**What the task asks**
Return the full listing unchanged, apart from leaving out its images.

_ _ _ _ _ _ _

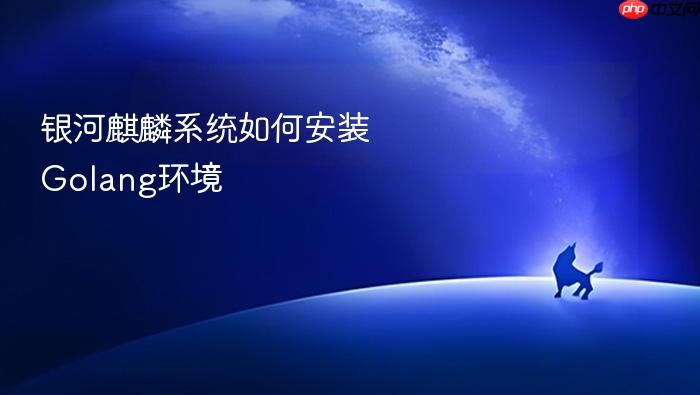 银河麒麟系统如何安装golang环境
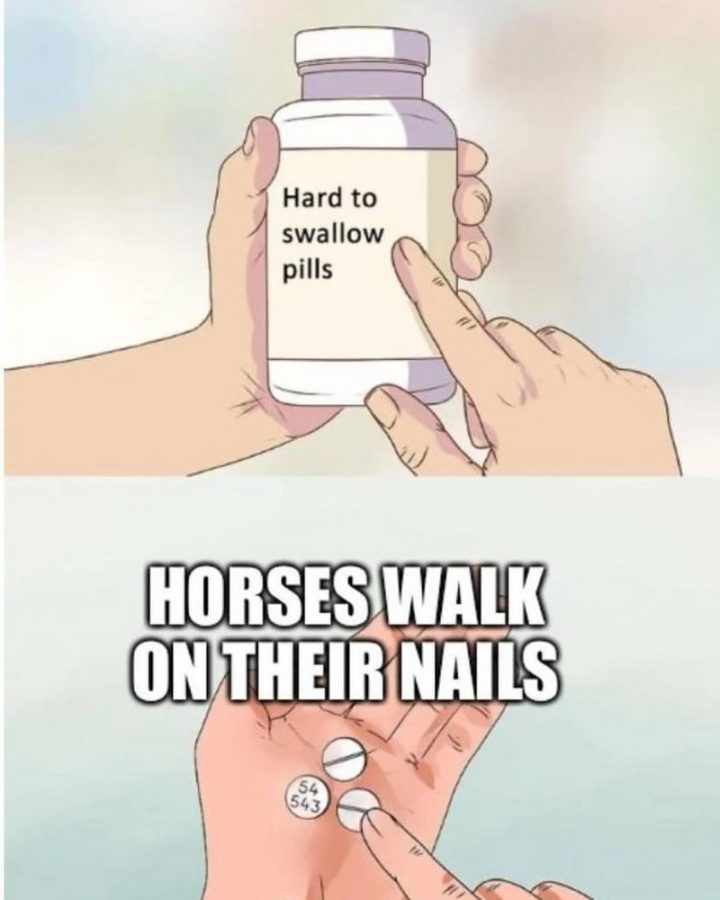 "Horses walk on their nails."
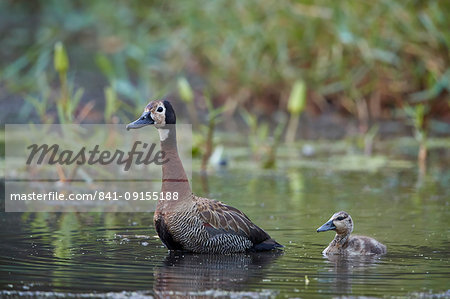 White-faced Whistling Duck (Dendrocygna viduata) adult and duckling, Kruger National Park, South Africa, Africa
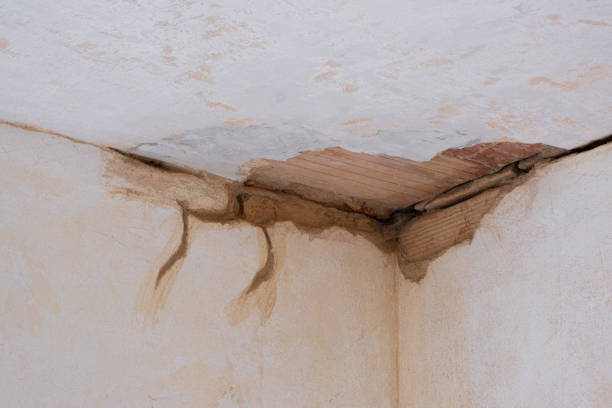 Best Carpet water damage restoration  in Roxana, IL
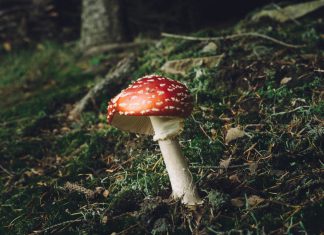 Giftnotruf erhält viele Anfragen zu Pilzvergiftungen Es ist Pilzsaison und auch Fliegenpilze wachsen im Wald. Diese sind giftig.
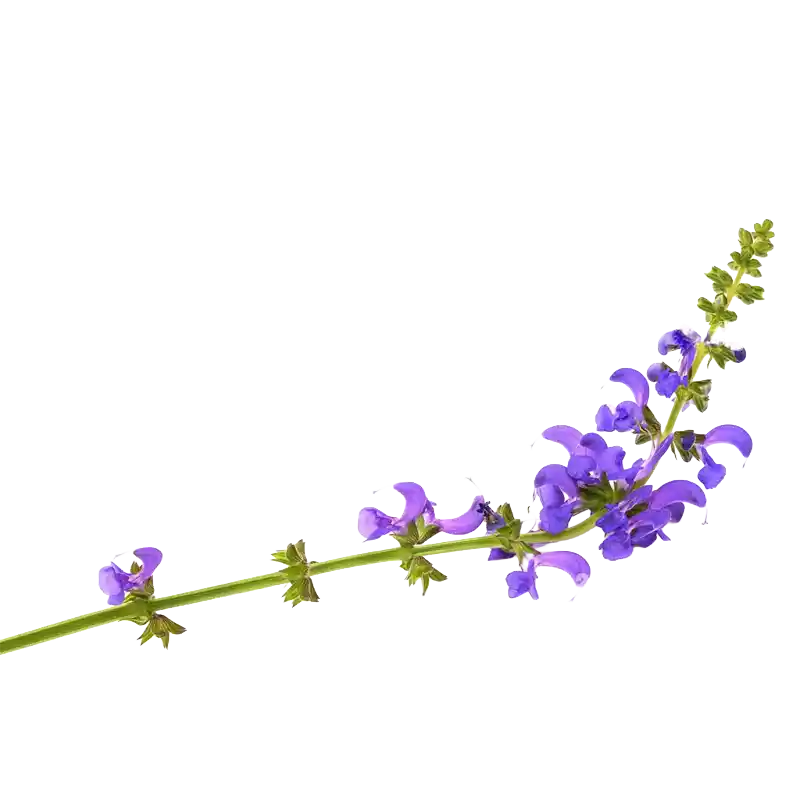 Meadow Clary (Meadow Sage)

_ _ _ _ _ _ _

**Written response**
 银河麒麟系统如何安装golang环境
 "Horses walk on their nails."
 White-faced Whistling Duck (Dendrocygna viduata) adult and duckling, Kruger National Park, South Africa, Africa
 Best Carpet water damage restoration  in Roxana, IL
 Giftnotruf erhält viele Anfragen zu Pilzvergiftungen Es ist Pilzsaison und auch Fliegenpilze wachsen im Wald. Diese sind giftig.
 Meadow Clary (Meadow Sage)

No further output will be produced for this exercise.